When he came to himself, the stars were shining, the field was silent save for the feeble moans of the wounded, the voices and footsteps of parties searching for the injured. He was in a quivering agony of sharp, burning pain, but he could neither move nor speak. At last, he heard the searchers coming. Nearer, nearer drew the voices, then for a moment they paused at his side. He heard a man with a lantern say, “Poor fellow! We can do nothing for him.” Then they passed on, leaving him for dead, among the dead.

All that June night he lay there, looking up at the stars that studded the infinity of space. About him were dark, silent forms, rigid in the sleep of death. Those were solemn hours, hours when he looked death in the face, and then backward over the years he had lived. Useless years they seemed to him now, years filled with petty ambitions that had to do solely with self. All the spiritual ideals of life, the things that give lasting joy and happiness because they are of the spirit and not of the flesh, he had scoffingly cast aside and rejected. He had narrowed life down to self and the things of the world. He had no such faith as made his mother’s hard-working life happy and serene because it transformed its sordid care into glorious service of her Heavenly King. He had no such faith as carried John Ring triumphant and undismayed through the gates of fiery death in performance of a loving service. Suddenly a longing swept over him for this priceless faith, for a personal, sure belief in the love of a Savior. One by one the teachings of his mother came back to him, those beautiful immortal truths she had read him from that Book which is never too old to touch the hearts of men with healing. Looking up at the worlds swinging through space to unknown laws, with the immensities of life, death and infinity all about him, his disbelief, his atheism dropped away. Into his heart came the premonitions of the peace of God, which passeth understanding. Life broadened, it took on new meaning and duty, for a life into which the spirit of God has come can never again narrow down to the boundaries of self. He determined henceforth to live more for others, less for himself; to make the world better, somebody happier whenever he could; to make his life, each day of it, worthy of that great sacrifice of John Ring.
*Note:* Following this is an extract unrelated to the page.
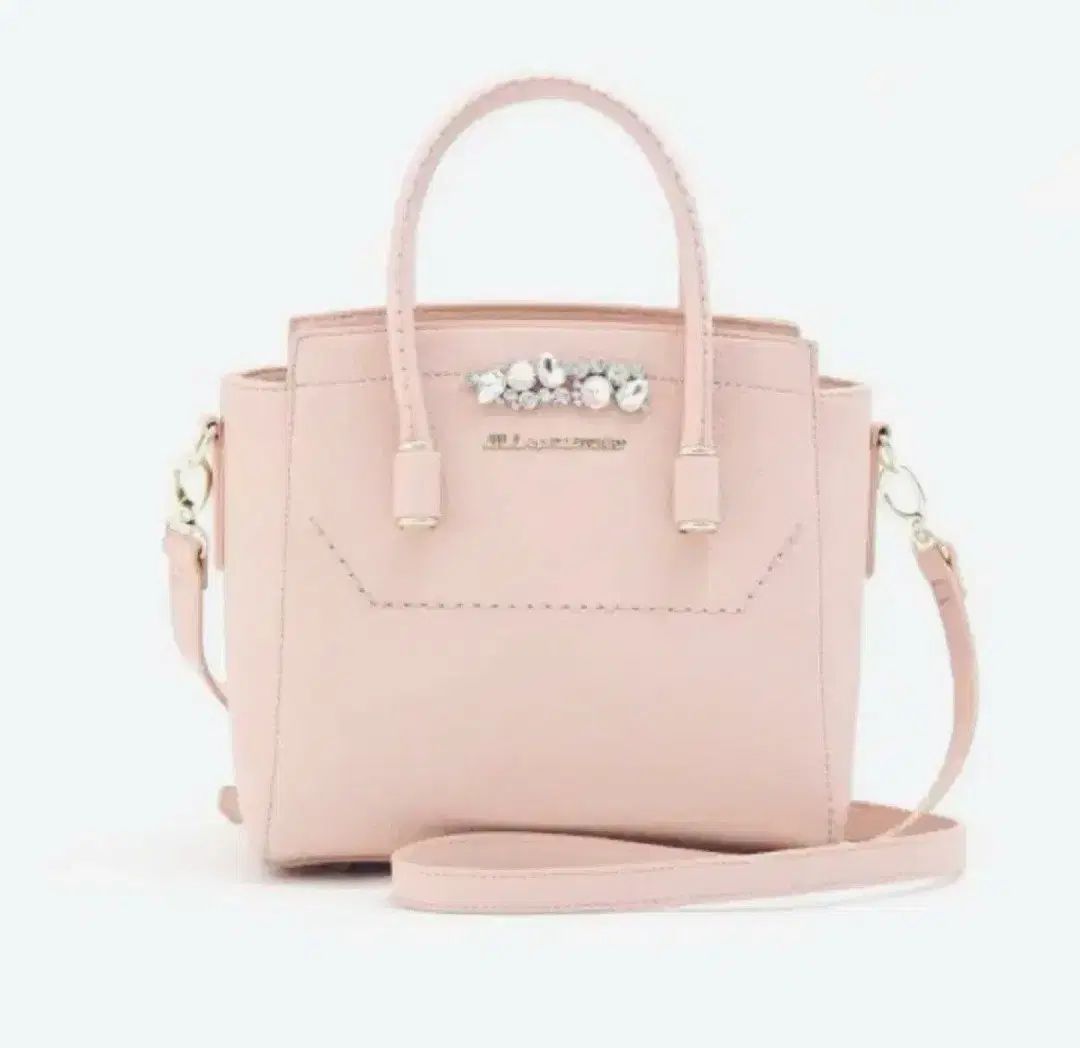 JILL STUART ジルスチュアート Bijou トートバッグ シェルピンク 出品 量産型地雷系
He being an officer, they came back for his body, and found a living man instead of the dead. He was taken to the field hospital. One arm was broken in two places, his shoulder badly shattered, and because there was no hope of his living, they did not at once amputate his arm, which would have been done had he been less seriously injured.

Long days he lay in the hospital with life going out all about him, the moan of the suffering in his ears, thinking, thinking, of the mystery of life and death, as the shadows flitted and swayed through the dimly lighted wards at night, the sunshine poured down during the day. His love of humanity burned purer. His desire to help it grew stronger. Long were the talks he had with the chaplain, a Baptist preacher, and when he recovered and left the hospital, his mind was fully made up. Like his father, his actions never lagged behind his speech, and he made at once an open profession of the faith on which he now leaned with such happy confidence.

The fearless, unselfish love of humanity, the desire to help the oppressed that burned in the bosom of John Brown had sent the impetuous boy into the war.

The fearless, unselfish act of John Ring sent Colonel Conwell out of the war a God-fearing man, determined to spend his life for the good of humanity.

Providence uses strange instruments. Thousands in this country to-day have been inspired, helped, made different men and women through knowing Russell Conwell. What may not some of them do to benefit their country and their generation! Yet back of him stand this old gray-haired man and a young, fearless boy, whose influence turned the current of his life to brighten and bless countless thousands.